India has Double Taxation Avoidance Agreements (DTAAs) with many countries. These can reduce withholding obligations in one country or the other, but claiming DTAA relief requires formal documentation — a Tax Residency Certificate is the usual starting point.

Provident Fund and social security

EPF contributions are 12% from the employee and 12% from the employer on applicable wages. Whether these continue during an overseas assignment depends on whether the employee remains a member of the EPF scheme and whether India has a Social Security Agreement (SSA) with the host country.

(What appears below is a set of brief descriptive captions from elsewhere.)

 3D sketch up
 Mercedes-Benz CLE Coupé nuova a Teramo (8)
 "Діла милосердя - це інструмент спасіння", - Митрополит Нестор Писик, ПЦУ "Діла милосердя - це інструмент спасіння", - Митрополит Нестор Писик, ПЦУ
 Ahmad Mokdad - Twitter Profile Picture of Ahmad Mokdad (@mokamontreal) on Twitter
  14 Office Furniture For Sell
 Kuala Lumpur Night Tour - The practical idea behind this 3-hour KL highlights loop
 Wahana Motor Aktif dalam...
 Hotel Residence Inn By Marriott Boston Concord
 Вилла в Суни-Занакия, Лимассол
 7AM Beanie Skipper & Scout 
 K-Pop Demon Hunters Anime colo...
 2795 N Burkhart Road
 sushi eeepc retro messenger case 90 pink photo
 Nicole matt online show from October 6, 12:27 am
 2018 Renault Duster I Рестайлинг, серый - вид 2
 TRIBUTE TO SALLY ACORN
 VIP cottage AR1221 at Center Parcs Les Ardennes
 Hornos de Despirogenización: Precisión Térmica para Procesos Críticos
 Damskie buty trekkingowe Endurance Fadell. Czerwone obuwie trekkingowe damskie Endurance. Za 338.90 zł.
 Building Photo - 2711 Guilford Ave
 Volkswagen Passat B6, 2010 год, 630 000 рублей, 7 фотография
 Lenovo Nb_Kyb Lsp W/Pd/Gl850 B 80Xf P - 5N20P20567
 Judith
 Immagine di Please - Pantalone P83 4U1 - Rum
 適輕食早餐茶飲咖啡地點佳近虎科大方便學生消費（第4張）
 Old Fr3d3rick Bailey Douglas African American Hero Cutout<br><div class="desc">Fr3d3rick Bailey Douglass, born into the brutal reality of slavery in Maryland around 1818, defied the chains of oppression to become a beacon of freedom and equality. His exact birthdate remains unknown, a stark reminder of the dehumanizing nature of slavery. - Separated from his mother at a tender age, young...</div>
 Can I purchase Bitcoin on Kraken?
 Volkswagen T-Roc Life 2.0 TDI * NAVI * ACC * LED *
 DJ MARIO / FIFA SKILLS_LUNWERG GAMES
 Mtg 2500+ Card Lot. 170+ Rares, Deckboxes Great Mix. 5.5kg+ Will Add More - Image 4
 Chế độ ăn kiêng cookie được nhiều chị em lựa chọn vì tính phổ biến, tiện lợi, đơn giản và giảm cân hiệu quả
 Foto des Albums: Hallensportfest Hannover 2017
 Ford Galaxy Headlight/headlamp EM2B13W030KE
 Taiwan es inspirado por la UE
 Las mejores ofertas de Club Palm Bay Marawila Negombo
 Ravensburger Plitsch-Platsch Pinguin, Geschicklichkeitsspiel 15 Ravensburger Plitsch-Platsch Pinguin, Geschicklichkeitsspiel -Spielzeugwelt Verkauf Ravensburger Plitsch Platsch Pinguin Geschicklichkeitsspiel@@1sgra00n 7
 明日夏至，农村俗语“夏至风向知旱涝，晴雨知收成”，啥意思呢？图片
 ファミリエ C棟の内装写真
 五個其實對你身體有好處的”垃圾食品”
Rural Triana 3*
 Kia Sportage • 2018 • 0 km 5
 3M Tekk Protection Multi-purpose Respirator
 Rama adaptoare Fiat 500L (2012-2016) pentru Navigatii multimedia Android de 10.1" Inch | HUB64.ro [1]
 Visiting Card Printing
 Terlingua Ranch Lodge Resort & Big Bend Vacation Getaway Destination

India has SSAs with a growing list of countries. Where an SSA is in place, a Certificate of Coverage issued by EPFO exempts the employee from contributing to the host country's social security system. Without an SSA, the employee may end up contributing to both systems — a significant cost that should be factored into your assignment budget.

For an employee hired abroad who was never on Indian payroll before, EPF membership may not apply, but take advice if you are adding them to your Indian entity's payroll.

ESI applies for employees below the applicable wage threshold and where the establishment is covered. For most overseas assignments, the practical coverage question is whether the employee can actually access ESI benefits from abroad — usually they cannot, which raises a separate duty to arrange adequate health cover.

Labour law and the four Labour Codes

India's four consolidated Labour Codes — covering wages, industrial relations, social security, and occupational safety — are in force from 2025. These apply to employment contracts governed by Indian law. If your standard employment contract is Indian-law governed, the Code on Wages, the definition of "wages" for statutory purposes, and notice and termination rules under the Industrial Relations Code all remain relevant even when the employee is physically abroad.

The host country also has employment law. In most jurisdictions, local law applies to anyone working there, regardless of the nationality of their employer or the governing law of their contract. This means an overseas deputee may have rights — to minimum wage, paid leave, anti-discrimination protection — under host-country law that sit alongside their Indian employment terms. This is a legal question specific to each country and should be reviewed with local counsel.

Practical steps before the assignment starts

Get the residential-status analysis done early. A tax adviser should model the employee's day-count position for the financial year so you know whether to continue, reduce or halt TDS.

Obtain a Certificate of Coverage from EPFO if an SSA exists with the host country. Do this before the employee departs — it is far harder to sort out retrospectively.

Review the employment contract. Decide which law governs it, update the clauses on jurisdiction, dispute resolution and applicable benefits, and confirm that host-country mandatory rights are addressed.

Sort out insurance. ESI will not cover an employee working abroad. A suitable international health and medical evacuation policy is a practical necessity and, in some host countries, a legal requirement.

Keep payroll records as though the employee were still in India. Form 24Q, salary registers and TDS calculations must be maintained regardless of where the employee sits.